** WHAT THE TASK ASKS **
Your output should be the line with "Load image into" plus all following lines to the end of the records, exactly as written and nothing more.

Extracted records

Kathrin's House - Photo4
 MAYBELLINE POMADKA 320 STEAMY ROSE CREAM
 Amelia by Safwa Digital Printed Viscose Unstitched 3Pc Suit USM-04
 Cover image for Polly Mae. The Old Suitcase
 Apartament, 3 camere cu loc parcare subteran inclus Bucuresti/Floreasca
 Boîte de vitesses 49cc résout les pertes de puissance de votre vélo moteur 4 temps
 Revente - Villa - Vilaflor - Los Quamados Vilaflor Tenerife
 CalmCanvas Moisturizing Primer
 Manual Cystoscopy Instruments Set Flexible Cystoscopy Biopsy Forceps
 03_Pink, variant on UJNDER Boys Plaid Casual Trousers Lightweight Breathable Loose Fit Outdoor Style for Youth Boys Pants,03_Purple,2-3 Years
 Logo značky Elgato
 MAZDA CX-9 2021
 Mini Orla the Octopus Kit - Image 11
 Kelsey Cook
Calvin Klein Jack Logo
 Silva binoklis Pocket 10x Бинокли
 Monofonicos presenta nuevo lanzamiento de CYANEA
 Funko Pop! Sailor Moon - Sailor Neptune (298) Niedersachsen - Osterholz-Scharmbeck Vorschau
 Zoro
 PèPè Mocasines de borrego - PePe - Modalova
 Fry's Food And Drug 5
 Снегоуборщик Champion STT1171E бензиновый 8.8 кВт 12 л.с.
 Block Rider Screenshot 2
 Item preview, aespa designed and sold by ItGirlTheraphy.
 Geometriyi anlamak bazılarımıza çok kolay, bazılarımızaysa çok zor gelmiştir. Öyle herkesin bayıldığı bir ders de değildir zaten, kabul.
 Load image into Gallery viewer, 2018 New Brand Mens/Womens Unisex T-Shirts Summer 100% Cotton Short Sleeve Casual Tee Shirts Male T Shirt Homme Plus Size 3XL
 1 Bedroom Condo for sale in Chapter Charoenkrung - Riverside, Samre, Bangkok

** TASK RESPONSE **
 Load image into Gallery viewer, 2018 New Brand Mens/Womens Unisex T-Shirts Summer 100% Cotton Short Sleeve Casual Tee Shirts Male T Shirt Homme Plus Size 3XL
 1 Bedroom Condo for sale in Chapter Charoenkrung - Riverside, Samre, Bangkok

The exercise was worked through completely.